Hi Rick,
Thanks for your helpful reply. Here is some additional information related to your questions. Regardless, my original question is more general than specific: in case the SAS nonlinear procedure fails to yield a global optimum (for some reason it just converges to local minimum), what shall we do? Can we modify the termination criteria (or else) to get the global minimum?
Thanks again for your time.
Kun
Are there additional constraints on the weights? For example, do they need to sum to 1?
-- I don't have any additional constraints, which means the optimal solutions are scalable. We can add the sum = 1 constraint but I don’t think it will solve the problem (that is, it still converges to a local minimum).
Also, are you sure that you have coded the objective function correctly? The "marginal risk" expression (x` # Cov * x), which is then normalized, looks suspiciously like a miscoding of the expression x*Cov*x`.
-- Yes, I think I have coded it right. The expression of x*Cov*x` is to calculate the variance of the weighted elements, while my formula (x` # Cov * x`) is to get a decompose the variance into marginal contribution from each element (which is a n by 1 vector, and the sum of its elements will equal x*Cov*x` ).
Can you describe the problem you are trying to solve, preferably with a link to a reference (textbook, article, or web page)?
-- My objective function is to solve a nonnegative vector of weights such that the marginal contribution of each raw element to the final variance meets a specified target. This is in line with the "risk parity" concept that has been recently developed in the portfolio management literature. You can check this link (http://www.portfoliowizards.com/risk-parity-demo-workbook/) for some simple illustration using excel solver.
With regard to your problem AS WRITTEN, it looks like there might be several local minima for this problem. Your initial guess is 1 / sqrt(vecdiag(cov)). The Newton or quasi-Newton algorithms converges, it just isn't converging to an answer that you like. If you change your initial guess, you might converge to a different minimum. For example, if you set
x0 = x0 + 1;
and then call NLPNRA, you get a different solution that has much bigger weights of size 2, 3, 5, and 12. This makes me think that the problem is not formulated correctly.
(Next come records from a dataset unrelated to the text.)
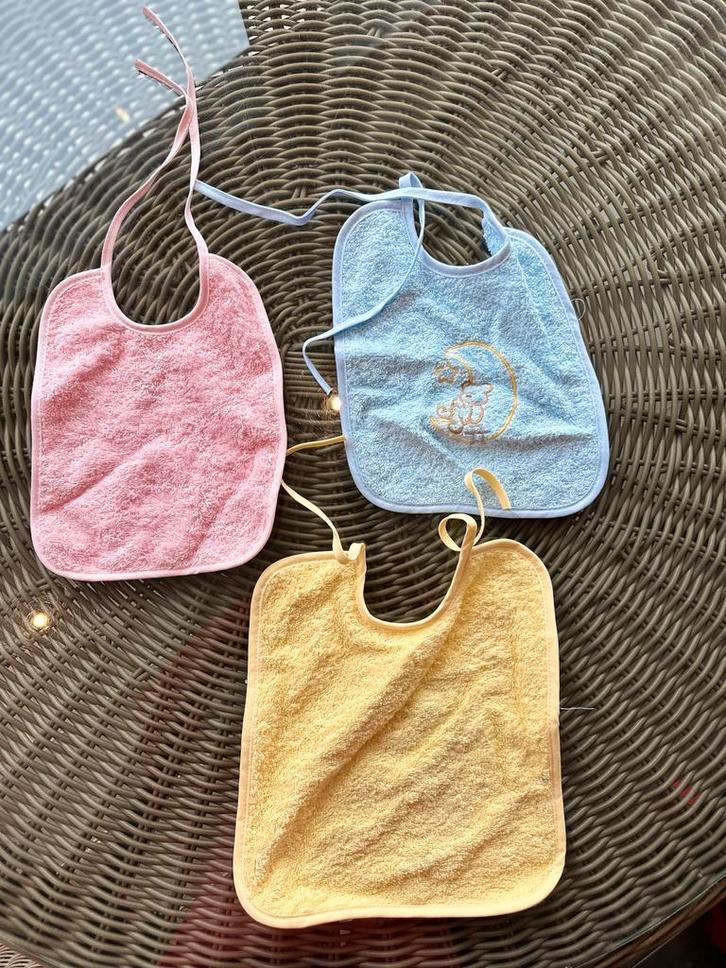 Nieuwe baby slabbetjes en ponchos  te koop!, Kinderen en Baby's, Babykleding | Baby-kledingpakketten, Nieuw, Verzenden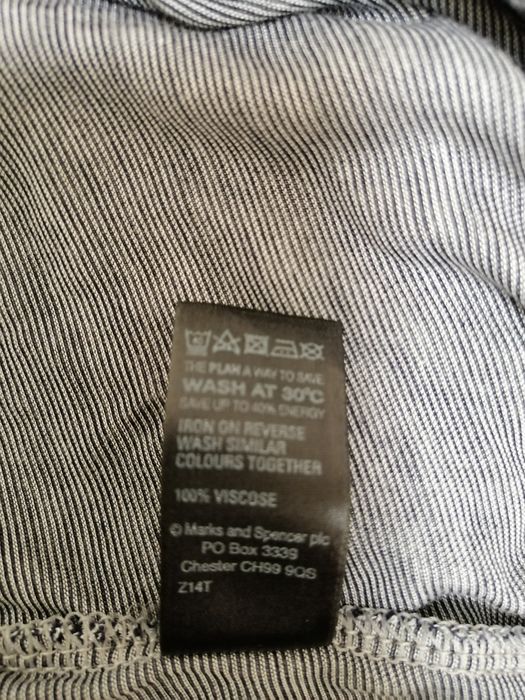 Bluzka damska nowa w rozmiarze 42XL małe 100 %wiskoza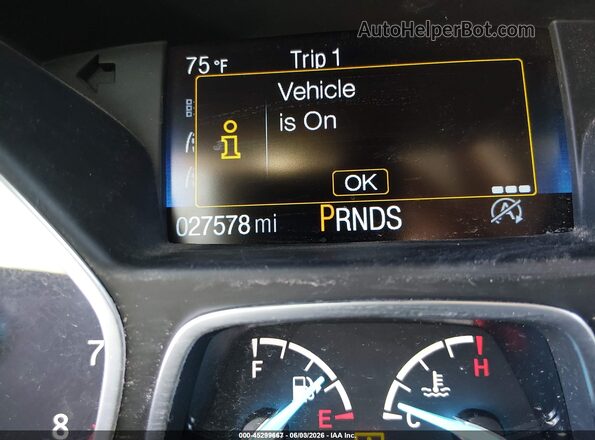 1FMCU9GD8JUD08750 2018 FORD ESCAPE Белый 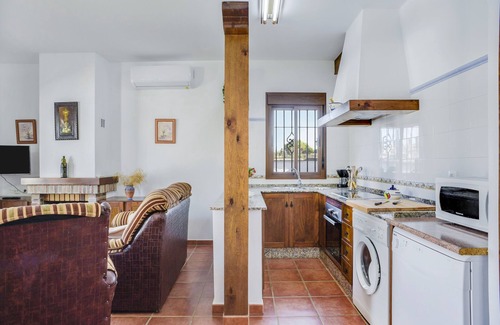 Conil de la Frontera House | Charming Home Casa Villanueva 4 with Private Pool, Garden & Wi-Fi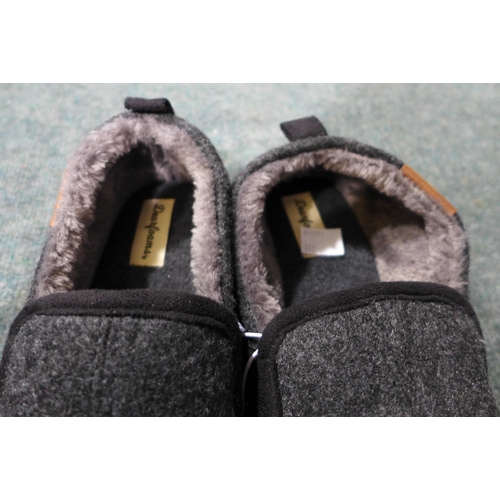 3203 - Men's Dearfoam medium sized slippers (UK 8-9). *This lot is subject to VAT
My advice is to use a 2- or 3-dimensional example while developing the program. That will enable you to visualize the parameter space. To further simplify the problem, consider using an identify matrix in place of the covariance matrix.
-- You are very right in pointing out that the nonlinear algorithms converge to local minium. So my queston is very general: suppose we formulate the problem correctly, if a nonlinear SAS optimization fails to reach global optimum results, can we change the termination criteria (or else) to improve the results?